▸ INSTRUCTIONS FOR THE TASK:
Although the entries contain pictures, repeat only their words, exactly as written.

▸ RECORDS PROVIDED:
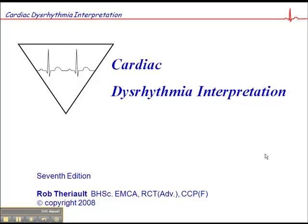This next part is about the external influences on the heart. Earlier we talked about the property of automaticity, which is the ability of a cell or group of cells to generate impulses without external stimulation. Now I want to talk about some of those external influences, specifically the autonomic nervous system.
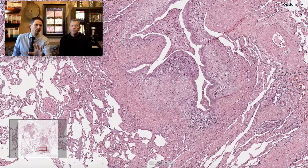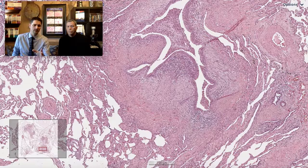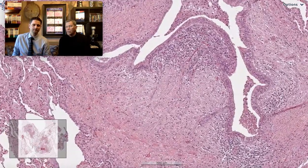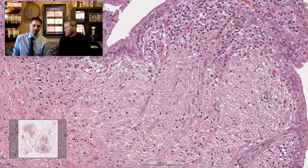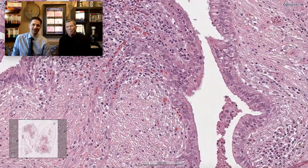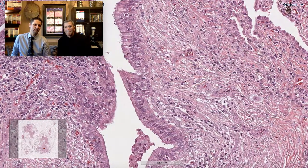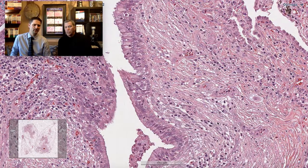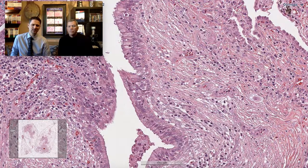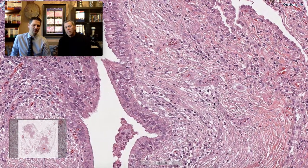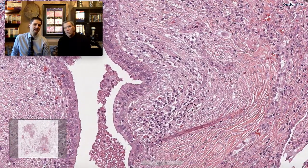Here we've gone to a little bit higher power and we can see this larger airway is distinctly abnormal — time to do a closer look. Right underneath the epithelium, this is not normal submucosa. There's too much stuff — it looks wiry: edema, wiry collagen, inflammatory cells. This is distinctly abnormal.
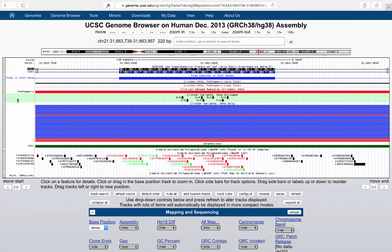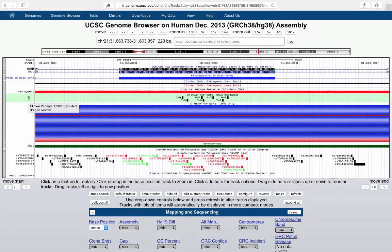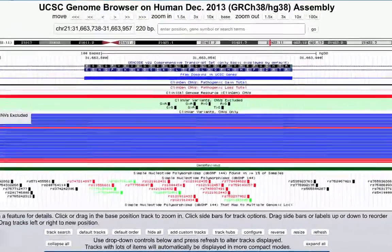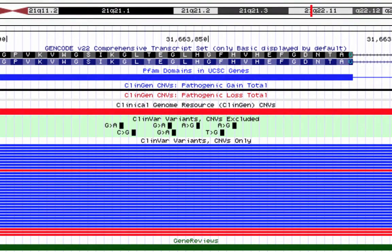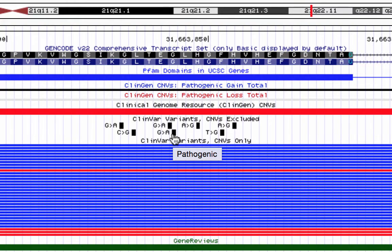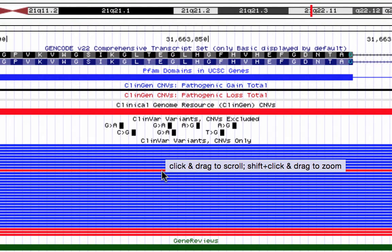Looking at the ClinVar variants and ClinVar variants CNVs-only tracks, you can see variants that are in the ClinVar database — these are variants associated with genetic disorders. In the top part of the track you have variants only, and when zoomed in this far it tells you what the variants are at each position. If you hover over them, it'll tell you something about what they do. For example, this particular G to A is pathogenic. Below that are the CNV tracks; blue are benign and red are pathogenic.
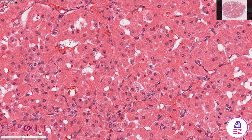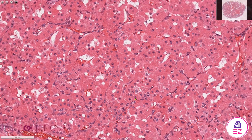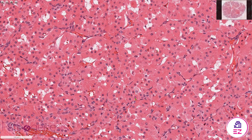Sometimes in oncocytomas you can see clear cell change, and when that clear cell change is prominent it might influence your differential diagnosis and make you consider other lesions — both of salivary origin or elsewhere — that have clear cells. But this particular example is very classic for a typical benign oncocytoma.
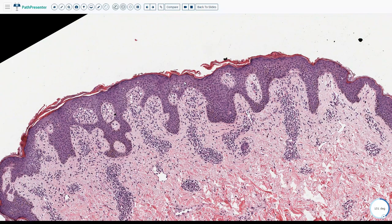PR can clinically look very much like syphilis. If the clinician has not given a very specific diagnosis, it is often better to do a spirochete stain when you see features like this, especially if you see any plasma cells within the dermal infiltrate.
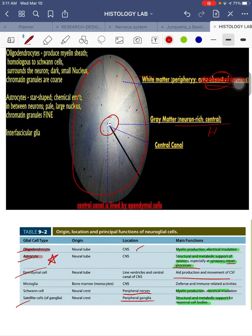Ependymal cells line the central canal of the spinal cord and aid in the production and movement of CSF. Schwann cells will be portrayed later particularly in the nerve sections of your sciatic nerve — they are found in peripheral nerves and function for myelin production and electrical insulation. Satellite cells are found in peripheral ganglia and function for structural and metabolic support for neuronal cell bodies.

▸ SOLUTION TO THE PROBLEM:
This next part is about the external influences on the heart. Earlier we talked about the property of automaticity, which is the ability of a cell or group of cells to generate impulses without external stimulation. Now I want to talk about some of those external influences, specifically the autonomic nervous system.
Here we've gone to a little bit higher power and we can see this larger airway is distinctly abnormal — time to do a closer look. Right underneath the epithelium, this is not normal submucosa. There's too much stuff — it looks wiry: edema, wiry collagen, inflammatory cells. This is distinctly abnormal.
Looking at the ClinVar variants and ClinVar variants CNVs-only tracks, you can see variants that are in the ClinVar database — these are variants associated with genetic disorders. In the top part of the track you have variants only, and when zoomed in this far it tells you what the variants are at each position. If you hover over them, it'll tell you something about what they do. For example, this particular G to A is pathogenic. Below that are the CNV tracks; blue are benign and red are pathogenic.
Sometimes in oncocytomas you can see clear cell change, and when that clear cell change is prominent it might influence your differential diagnosis and make you consider other lesions — both of salivary origin or elsewhere — that have clear cells. But this particular example is very classic for a typical benign oncocytoma.
PR can clinically look very much like syphilis. If the clinician has not given a very specific diagnosis, it is often better to do a spirochete stain when you see features like this, especially if you see any plasma cells within the dermal infiltrate.
Ependymal cells line the central canal of the spinal cord and aid in the production and movement of CSF. Schwann cells will be portrayed later particularly in the nerve sections of your sciatic nerve — they are found in peripheral nerves and function for myelin production and electrical insulation. Satellite cells are found in peripheral ganglia and function for structural and metabolic support for neuronal cell bodies.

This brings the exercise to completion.